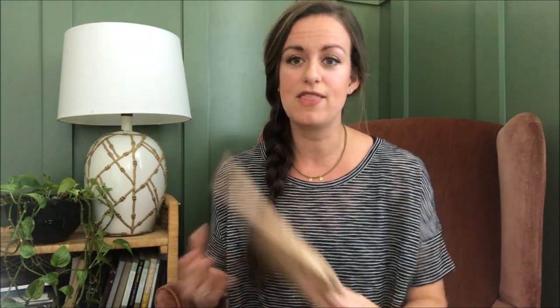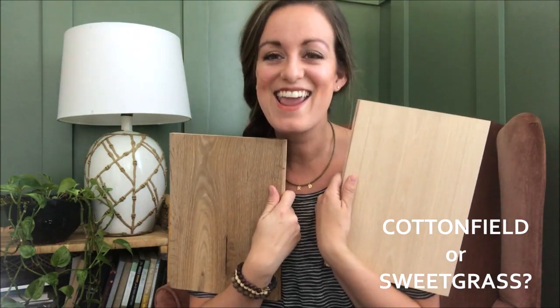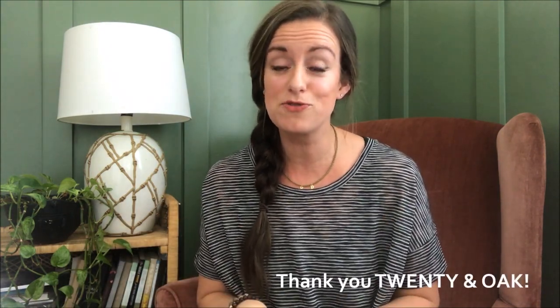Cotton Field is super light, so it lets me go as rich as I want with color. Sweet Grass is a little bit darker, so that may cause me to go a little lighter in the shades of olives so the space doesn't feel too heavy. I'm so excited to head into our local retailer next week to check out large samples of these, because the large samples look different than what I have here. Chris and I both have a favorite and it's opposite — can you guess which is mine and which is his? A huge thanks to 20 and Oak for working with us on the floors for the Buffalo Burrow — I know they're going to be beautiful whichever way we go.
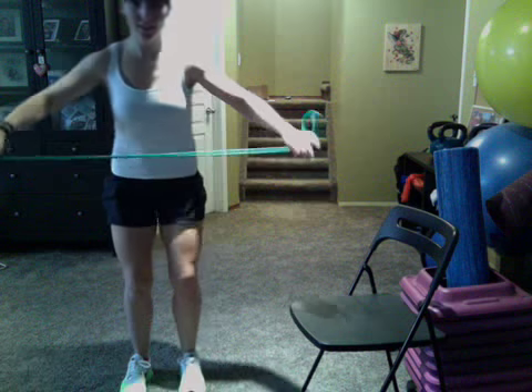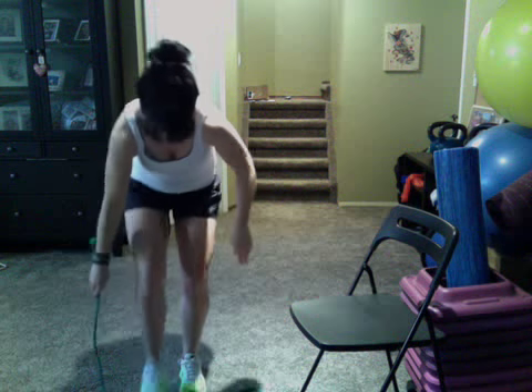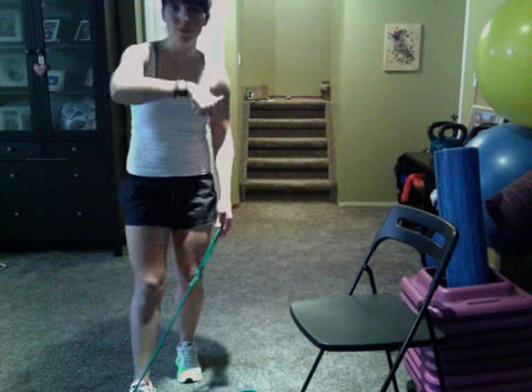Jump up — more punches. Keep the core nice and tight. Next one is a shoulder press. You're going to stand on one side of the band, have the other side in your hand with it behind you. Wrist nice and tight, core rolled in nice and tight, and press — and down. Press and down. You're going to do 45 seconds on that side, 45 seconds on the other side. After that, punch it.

################

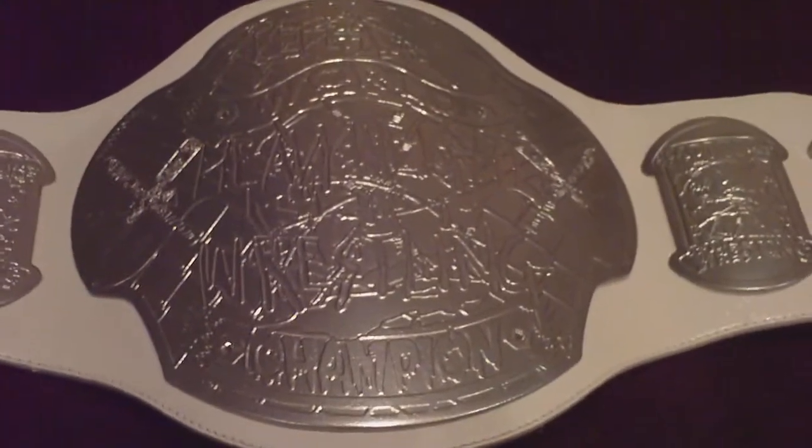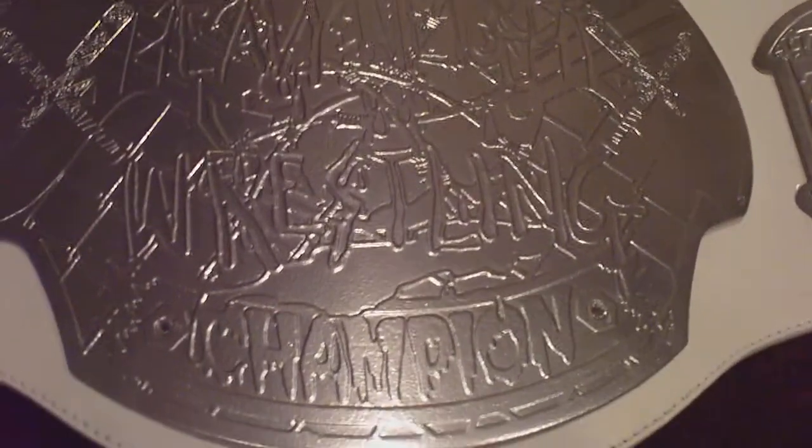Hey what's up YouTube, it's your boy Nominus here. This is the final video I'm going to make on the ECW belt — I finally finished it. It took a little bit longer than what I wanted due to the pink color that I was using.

################

* **About this task**: Repeat, without pictures, exactly the lines of the data above from the one containing "Cotton Field is" through the one containing "Jump up — more", including both and adding nothing.

* **Answer for the task**:
Cotton Field is super light, so it lets me go as rich as I want with color. Sweet Grass is a little bit darker, so that may cause me to go a little lighter in the shades of olives so the space doesn't feel too heavy. I'm so excited to head into our local retailer next week to check out large samples of these, because the large samples look different than what I have here. Chris and I both have a favorite and it's opposite — can you guess which is mine and which is his? A huge thanks to 20 and Oak for working with us on the floors for the Buffalo Burrow — I know they're going to be beautiful whichever way we go.
Jump up — more punches. Keep the core nice and tight. Next one is a shoulder press. You're going to stand on one side of the band, have the other side in your hand with it behind you. Wrist nice and tight, core rolled in nice and tight, and press — and down. Press and down. You're going to do 45 seconds on that side, 45 seconds on the other side. After that, punch it.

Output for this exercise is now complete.